To a great degree, they appear to be following a similar strategy as initiated by Westjet Airlines when they launched their early schedules during the 1990’s, flying to underserviced regions and airports at the time.


Fairly early on, it used the John C Munro Hamilton International Airport as its hub, connecting eastern and western cities.

Similarly, Westjet launched with an extremely low pricing strategy that certainly made Air Canada executives sit up and take notice. I am certain they never gave this upstart a chance, with a pricing concept they likely perceived would drive Westjet into bankruptcy, sooner rather than later.


Young also believes that New Leaf will be successful because of its menu driven pricing. As stated, “Your fare gets you the two essentials: a seat and a seatbelt. The rest is up to you.”

The rest falls into the category that has come to be known as ancillary fees. It became common with low cost US carriers like Allegiant and Southwest Airlines before it. In the past few years it is a strategy that has been totally adopted by our Canadian carriers.

What has this meant? No more free checked in bags, extra charges for the most popular seats, and strict adherence to weight and size restrictions that agents once turned a blind eye to.

New Leaf is taking it a step further by charging for carry-on bags, printed boarding passes, seat selection, and to our understanding, but not yet confirmed officially, for the free glass of pop that the flight attendants distribute on competing airlines.

I predict that it will not be long before a charge for carry-on bags will be initiated by our other Canadian carriers, in order to show lower price point offerings in their advertising and online marketing as well.

New Leaf, technically, does not own aircraft. They have a lease arrangement with Flair Airlines of Kelowna, who in turn have a similar relationship with KF Aerospace, formally known as Kelowna Flightcraft.


Vancouver, British Columbia

It is because of this arrangement that the question arises as to their proper licensing since the collector of the monies has not direct financial link, as others do, to the service.


Presumably this kind of arrangement would allow New Leaf to operate successfully, without bearing the huge costs of purchasing new aircraft.
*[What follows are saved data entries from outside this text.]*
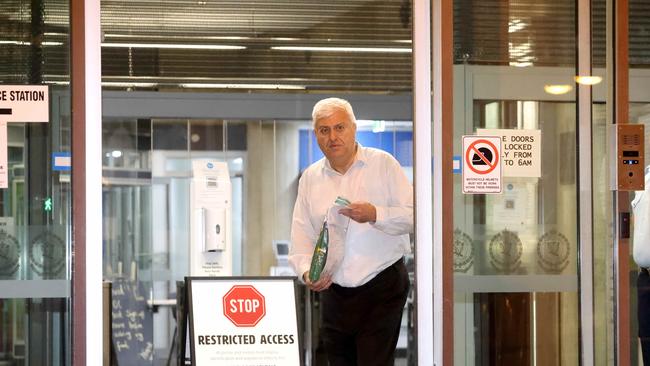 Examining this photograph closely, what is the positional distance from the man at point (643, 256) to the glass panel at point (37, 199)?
Result: 8.62 ft

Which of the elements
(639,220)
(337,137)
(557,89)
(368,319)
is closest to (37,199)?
(337,137)

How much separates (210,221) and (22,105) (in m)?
4.17

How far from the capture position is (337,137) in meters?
4.82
Peggy's Cove not far from Halifax, Nova Scotia


While they announced great plans for expansion into other Canadian markets, as well as for flights going south of the border, their first itineraries include only seven cities. Winnipeg, Saskatoon, Hamilton, Kelowna, Abbotsford, Halifax and Regina.

And while their launch strategy appears sound, they are entering an industry crowded with failure, in Canada and around the world. Even as falling oil prices, theoretically, should be good for the industry, in 2015 several airlines around the world went bankrupt.
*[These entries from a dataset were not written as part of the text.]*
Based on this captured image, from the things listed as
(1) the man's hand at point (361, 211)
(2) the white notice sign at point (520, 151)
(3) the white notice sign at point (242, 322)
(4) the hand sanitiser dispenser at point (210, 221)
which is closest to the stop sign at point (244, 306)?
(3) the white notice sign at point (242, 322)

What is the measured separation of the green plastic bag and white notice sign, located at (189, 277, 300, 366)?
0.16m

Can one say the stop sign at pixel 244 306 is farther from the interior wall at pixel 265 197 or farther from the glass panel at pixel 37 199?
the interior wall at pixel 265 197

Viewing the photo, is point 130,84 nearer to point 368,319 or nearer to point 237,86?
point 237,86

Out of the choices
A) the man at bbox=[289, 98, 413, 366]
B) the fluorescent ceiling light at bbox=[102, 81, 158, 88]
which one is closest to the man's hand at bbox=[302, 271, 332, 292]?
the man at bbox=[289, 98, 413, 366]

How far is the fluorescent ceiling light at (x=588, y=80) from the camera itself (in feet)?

Last year, the very large U.S. Airways Group went into bankruptcy protection in August. Sky Greece went bankrupt in September, as did a number of smaller local and national airlines including Air Croatia, Estonian Air, Nordic Global, and others who shut down operations before they even started.
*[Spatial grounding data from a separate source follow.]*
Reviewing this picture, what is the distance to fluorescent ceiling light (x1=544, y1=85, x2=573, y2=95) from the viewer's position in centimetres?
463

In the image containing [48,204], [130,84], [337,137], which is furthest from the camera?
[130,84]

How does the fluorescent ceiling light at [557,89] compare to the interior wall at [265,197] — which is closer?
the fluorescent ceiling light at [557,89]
The Canadian landscape has not fared much better. Remember Greyhound, the last airline that choose Winnipeg as its head office. Or CanJet, Skyservice, Canada 3000, or Zoom just to name four.


Add to that, two other Canadian companies have announced they will be launching low cost carriers in the near future.

On the positive side, I have always referred to Westjet Airlines, from the well-known children’s story, as the little engine that could. It has now become Canada’s number two carrier, placing around 20 million passengers in their seats last year. It has become one of the top 10 airlines in North America.

Hopefully, Young and his investors have deep pockets, as neither Air Canada nor Westjet are likely to stand idly by and let an upstart steal market share.

So long as they do, and with what looks like a sound strategically planned launch, on a pattern that in many ways mirrors the early thinking of the Westjet executives, they too may rise to become a major player in the Canadian aviation market.

For Winnipeg and Manitoba, this could prove to be an economic windfall. For travelers, it could become a first choice option if the total price for flying is consistently lower than its competitors, new and old.


Competition is good for the consumer, and in the end for the industry as well. I hope they are able to iron out the challenges placed in front of them and go back to market soon, regardless of the mountain they will face.

Hopefully they too can become the little engine that could.